> **Problem description**
When you reach the line below that has "Pinocchio png bundle, pinocchio", start returning lines exactly, and stop after the line that has "kartun telegram sticker"; skip the pictures.

> **Data extract**
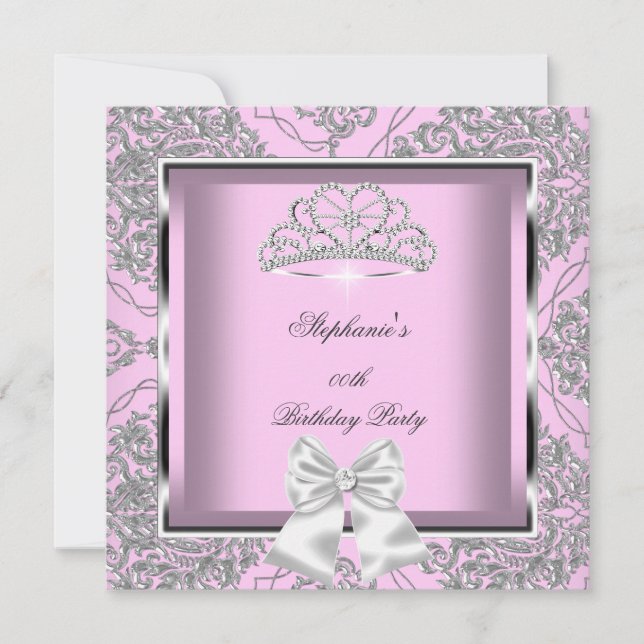 Elegant Pink Damask Silver Birthday Party Invitation (Front)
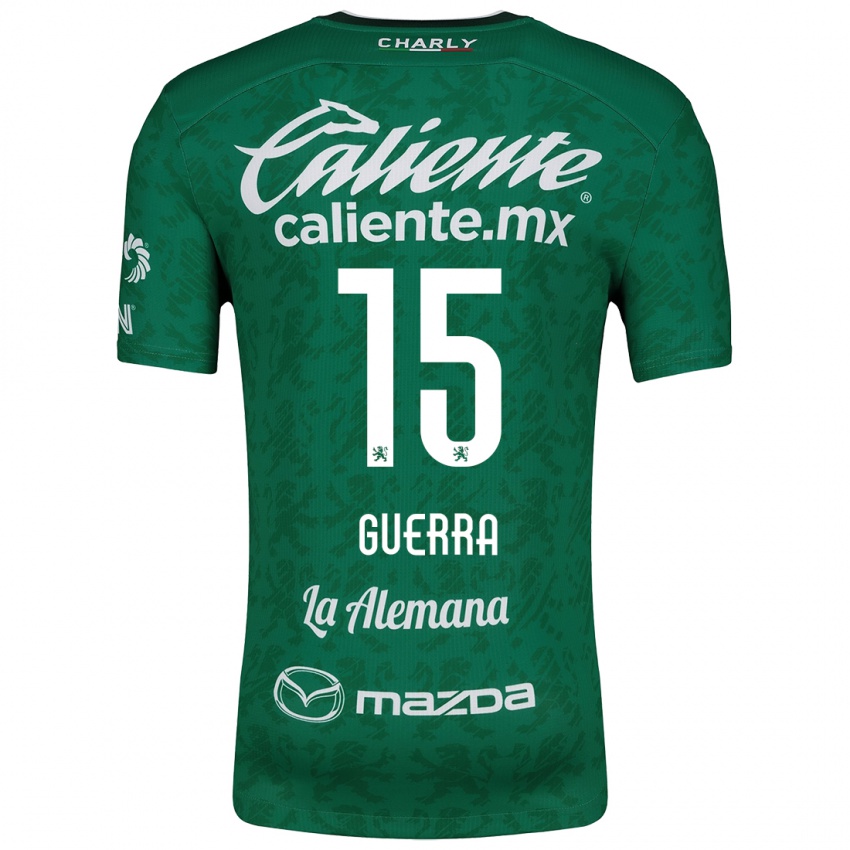 Bambino Maglia Edgar Guerra #15 Verde Bianco Kit Gara Home 2024/25 Maglietta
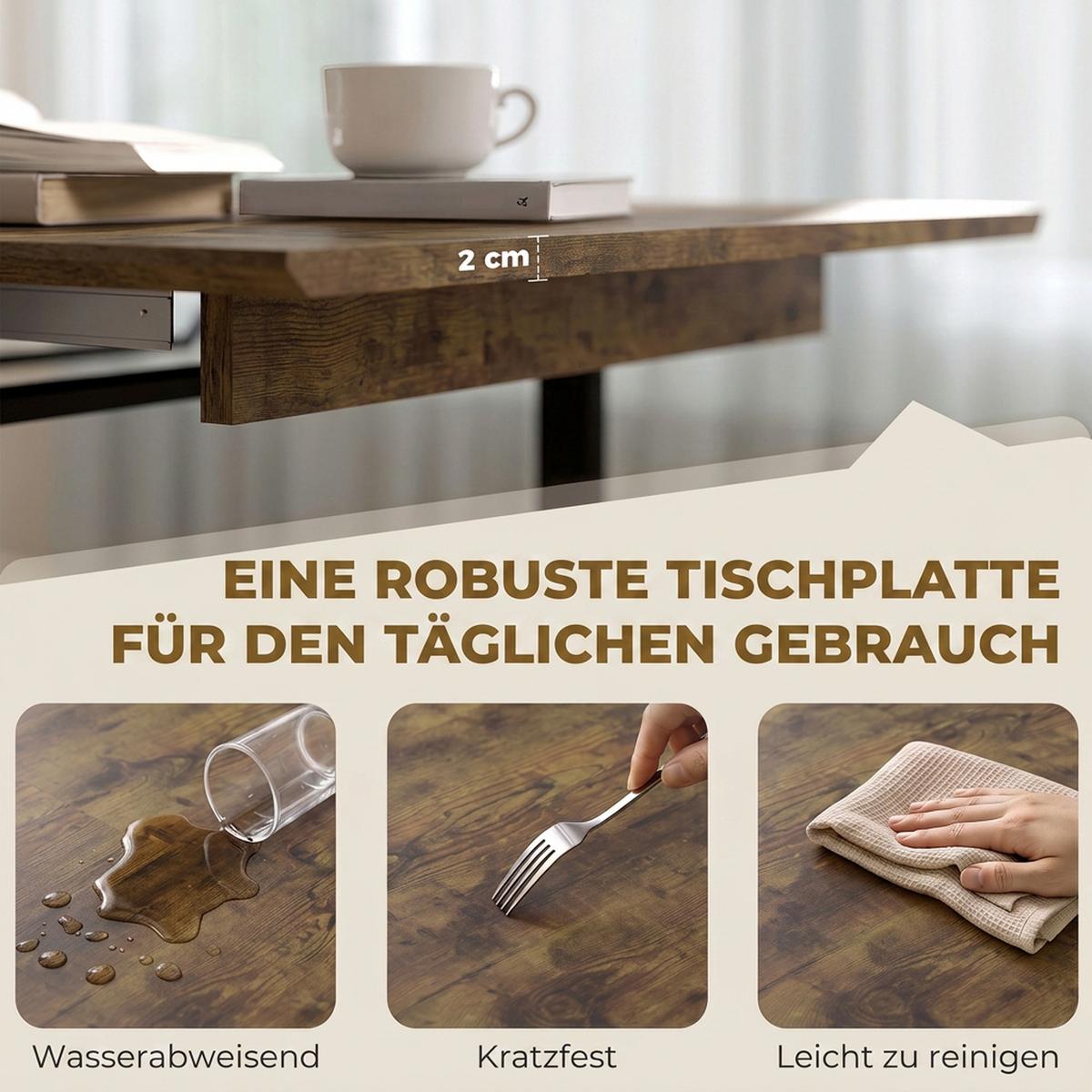 AUSZIEHBARER Esstisch MDF Rustikal-Braun - Schwarz/Braun, Holzwerkstoff (180/80/75cm) - HOMCOM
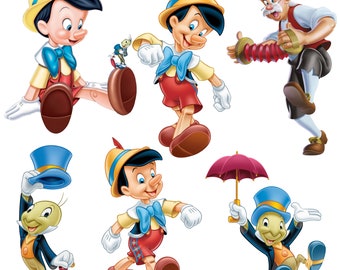 Pinocchio png bundle, pinocchio clipart, jiminy cricket png, Geppetto clipart, instant download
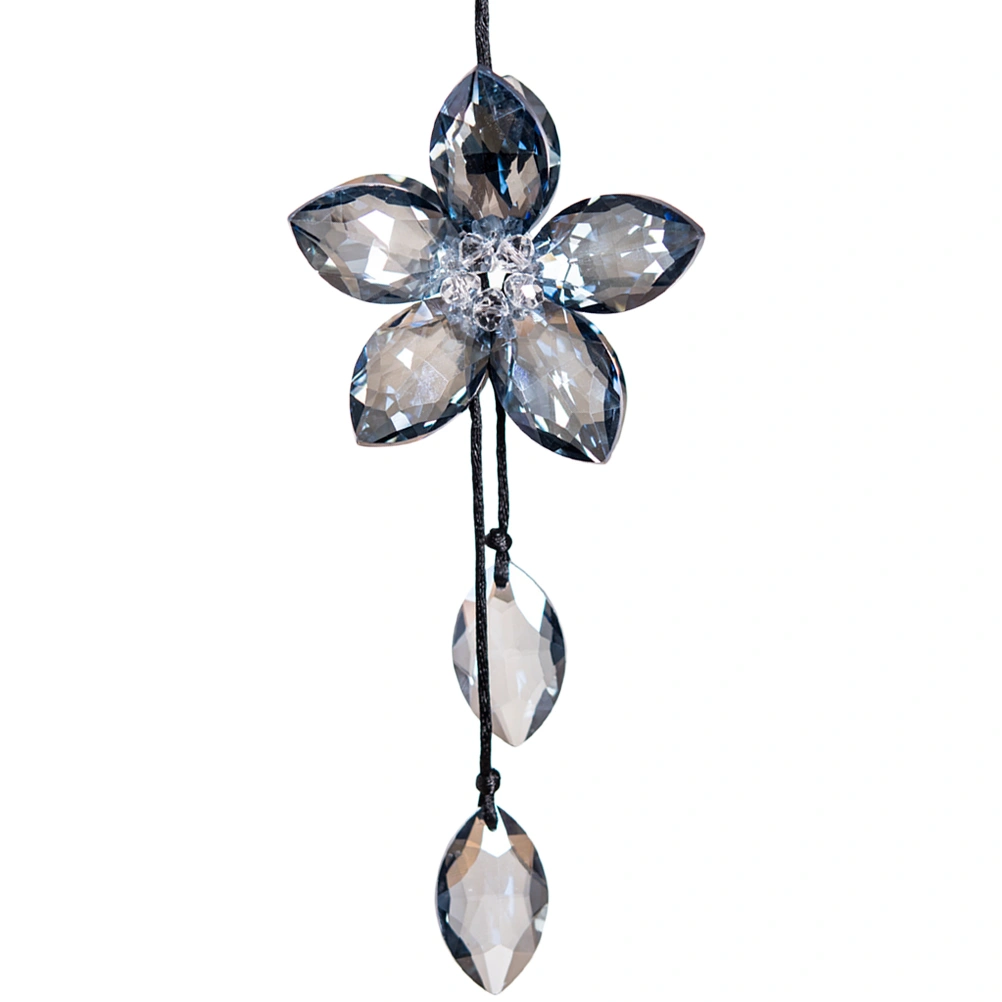 1Pc Rearview Mirror Crystal Pendant Alloy Chain Ornament Car Interior Hanging Rhinestone Heart Style Hanging Supplies (Charm Blue)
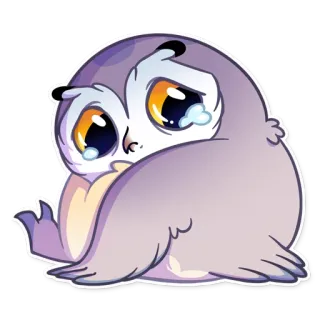 😢 burung hantu, sedih, menangis, burung, imut, kartun telegram sticker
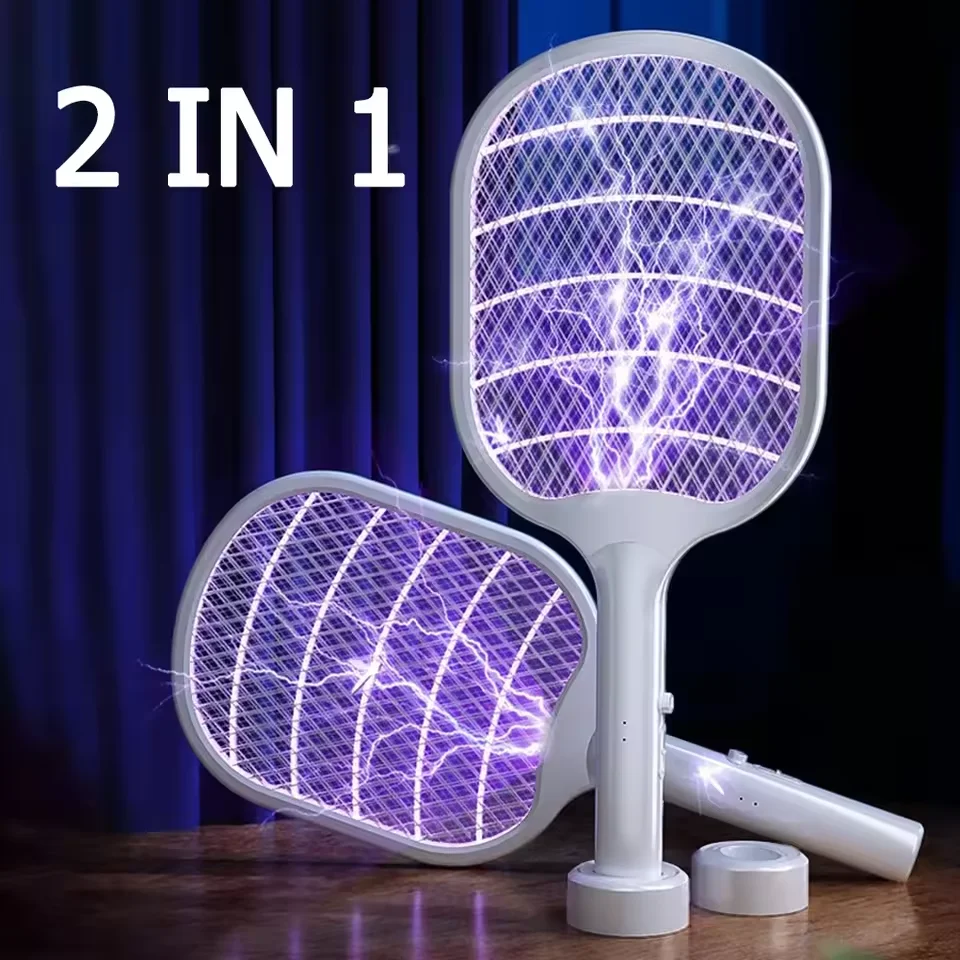 3000V Rechargeable Electric Mosquito Racket Handheld Bug Zapper Fly Swatter 2 in 1 Fly Killer Mosquito Trap Lamp for Home Office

> **Written solution**
 Pinocchio png bundle, pinocchio clipart, jiminy cricket png, Geppetto clipart, instant download
 1Pc Rearview Mirror Crystal Pendant Alloy Chain Ornament Car Interior Hanging Rhinestone Heart Style Hanging Supplies (Charm Blue)
 😢 burung hantu, sedih, menangis, burung, imut, kartun telegram sticker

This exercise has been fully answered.